▽

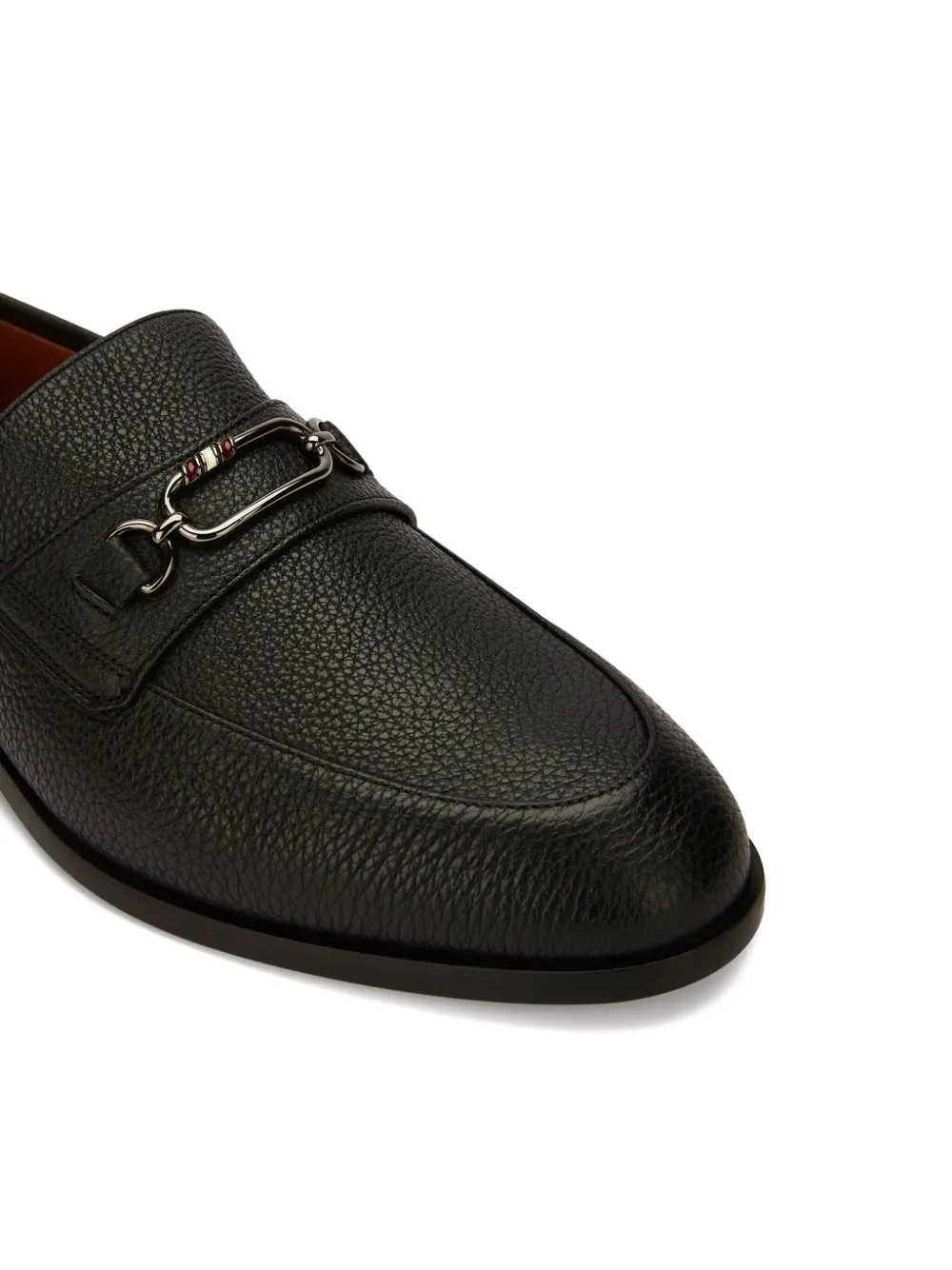 Bally Loafers van bewerkt leer met schakelketting Zwart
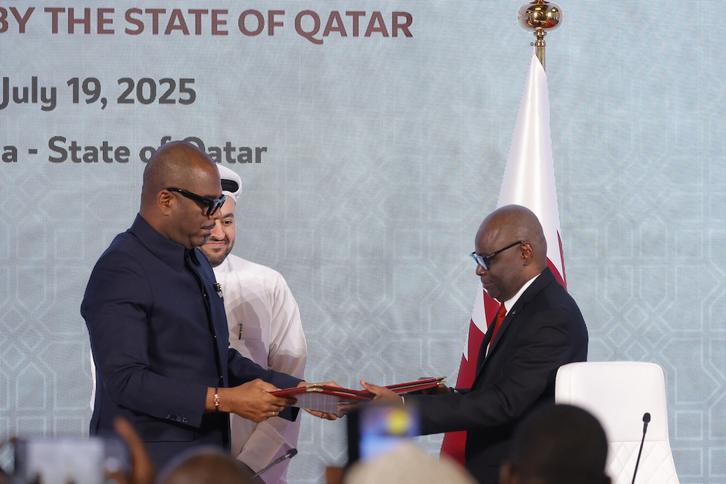 Sumbu Sita Mambu, negociador del Gobierno congolés, y Benjamin Mbonimpa, secretario ejecutivo del M23, en Doha.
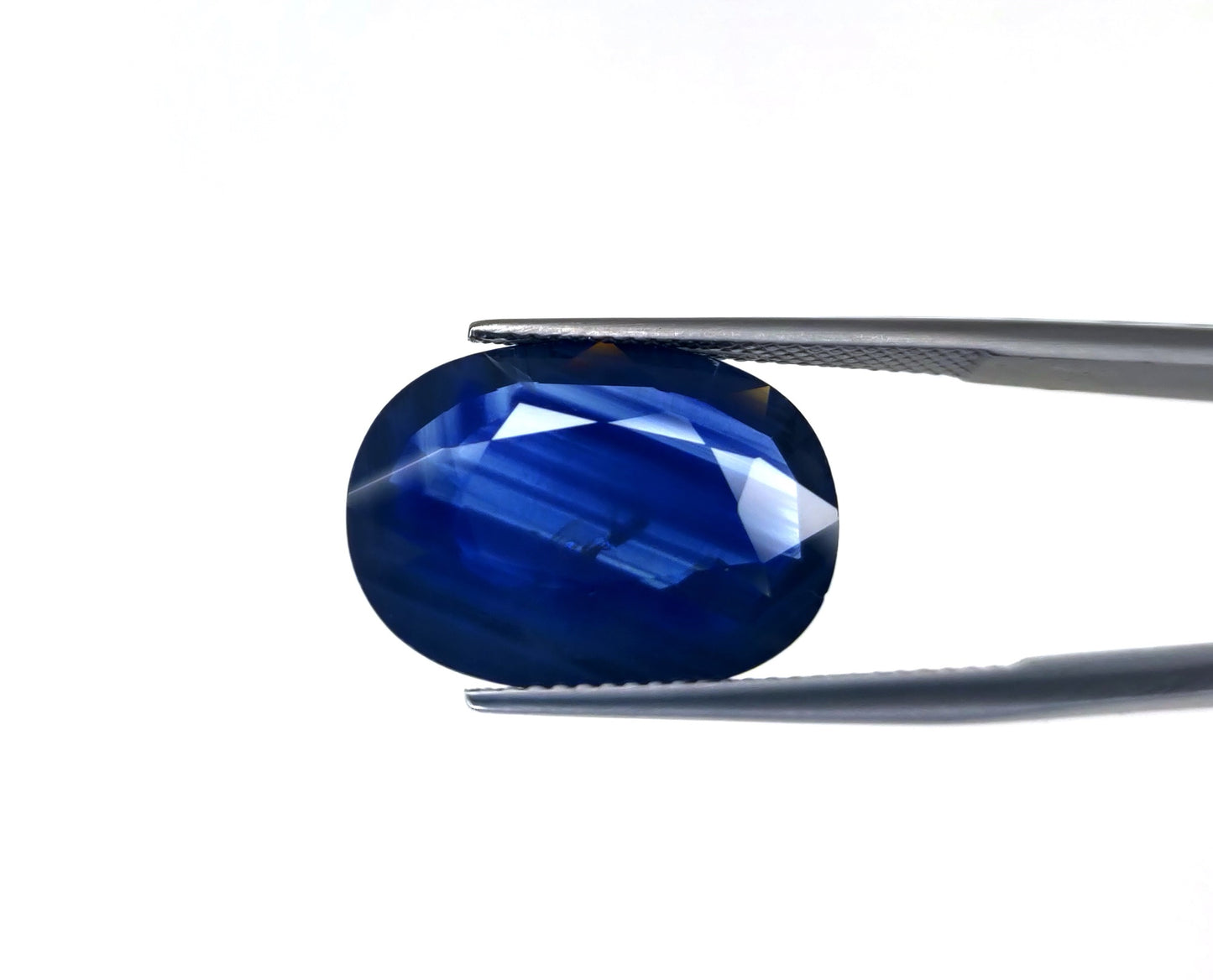 Natural Blue Sapphire Kanchan buri   Oval  11.53 carat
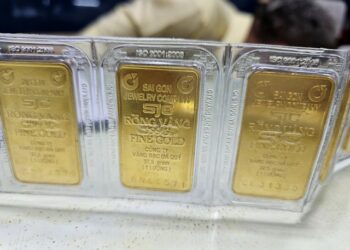 Giá vàng miếng SJC giảm nhanh, nhiều người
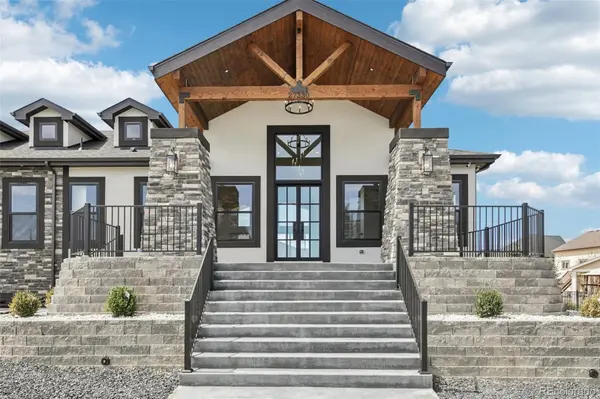 27330 E Nova CIR, Aurora, CO 80016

△

WHAT THE TASK REQUIRES >>
The data is to be returned exactly as it stands, pictures aside.

TASK RESULT >>
 Bally Loafers van bewerkt leer met schakelketting Zwart
 Sumbu Sita Mambu, negociador del Gobierno congolés, y Benjamin Mbonimpa, secretario ejecutivo del M23, en Doha.
 Natural Blue Sapphire Kanchan buri   Oval  11.53 carat
 Giá vàng miếng SJC giảm nhanh, nhiều người
 27330 E Nova CIR, Aurora, CO 80016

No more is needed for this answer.